March numbers from Countrywide Financial are worth reading twice and contemplating: “Loan fundings for March reached $38 billion, up 23 percent over February 2003 and up 149 percent over the prior yearFirst quarter 2003 fundings mark a new company milestone at $102.4 billion; The March mortgage loan pipeline closed at $59 billion, up 20 percent over February 2003 and up 176 percent over last year, indicative of continued growth in fundings for the near-term; Average daily applications in March reached $2.7 billion, up 23 percent over February 2003, and up 216 percent over last year, fueled by persistent low mortgage rates; Purchase fundings reached an all-time high of $9.5 billion, an increase of 62 percent over last year.” Notably, March Purchasing fundings were up 44% from February and 22% from January. Year-over-year, Non-Purchase (refis) fundings were up 203%, Home Equity up 53% and Subprime up 94%.

And there are indications that mortgage finance is off to a strong start in April. Blow-off Week 42 saw the Mortgage Bankers Association’s Purchase application index jump almost 10% to the fourth-highest ever. Purchase applications were at the strongest level since early September and were up 20% y-o-y. Also noteworthy, last week’s Purchase applications were up 22% from February’s average and 11% above March’s. And while the Refi application index declined 5% last week, it remains four times the year earlier level.

With consumer borrowing and consumption running rampant, February’s appalling $40.3 billion Trade Deficit was to be expected. The deficit was up 22% from February 2002. Year-over-year Goods Imports were up 12%, while Good Exports were up 5%, with Goods Imports 77% greater than Goods Exports. Total Exports were up 6.7% y-o-y, with Capital Goods exports up 2.5% and Industrial Supplies 13.7%. Total Imports rose 11.2%, led by an 84% y-o-y increase in Crude Oil.
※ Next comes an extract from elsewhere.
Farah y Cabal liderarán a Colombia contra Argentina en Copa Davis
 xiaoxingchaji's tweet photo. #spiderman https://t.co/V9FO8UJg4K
Consumer Goods imports were up 10.2% (pharmaceuticals 22.8%), Automotive 3.7%, and Food & Beverage 11%. Increasingly it appears that trade flows are being buoyed by heightened inflationary pressures. Import Prices were up another 0.5% during March, with three month gains of 4%. Year-over-year, All Import Prices were up 6.7%. Notably, March Ex-petroleum Import Prices jumped 0.9%, the strongest monthly rise in more than a decade, with y-o-y gains (2.4%) the strongest since November 1995. Export Prices have been rising as well, with Agriculture up 9.2% y-o-y, Foods, Beverages 9.0%, and Industrial Supplies 9.4%. Capital Goods prices were down 1.1% y-o-y.

There were 36,995 bankruptcy filings last week, up 22% y-o-y to a 52-week high.

Comments yesterday from U.S. Treasury Secretary John Snow: “Later today and the rest of this week I’ll be meeting with G7 ministers. We’re hosting the G7 ministers this time, and the World Bank meetings and the IMF meetings. And I intend to introduce one broad theme to my colleagues in the ministries. And that is the United States isn’t growing fast enough and neither are you, and we’re growing a lot faster than you are. And our growth should be important to you, and your growth is important to us. And can’t we find a way to reach agreement – a consensus on the need for the world economy to grow faster. We get complaints – Glen Hubbard is here with us - he’s heard these complaints from our friends around the world who say, ‘your current account deficit is so high.” And our response is, “Yea. You know why? Because you don’t buy enough from us. And because we provide the highest risk-adjusted returns on capital in the world, so your capital flows over here. So why don’t you take steps to improve your domestic economy so you’ll be stronger and can buy more from us. And you might think as well (about) steps to improve returns on invested capital, and then capital would flow your way as well as to the United States. The fact is the American economy is strong. The underpinnings are good.”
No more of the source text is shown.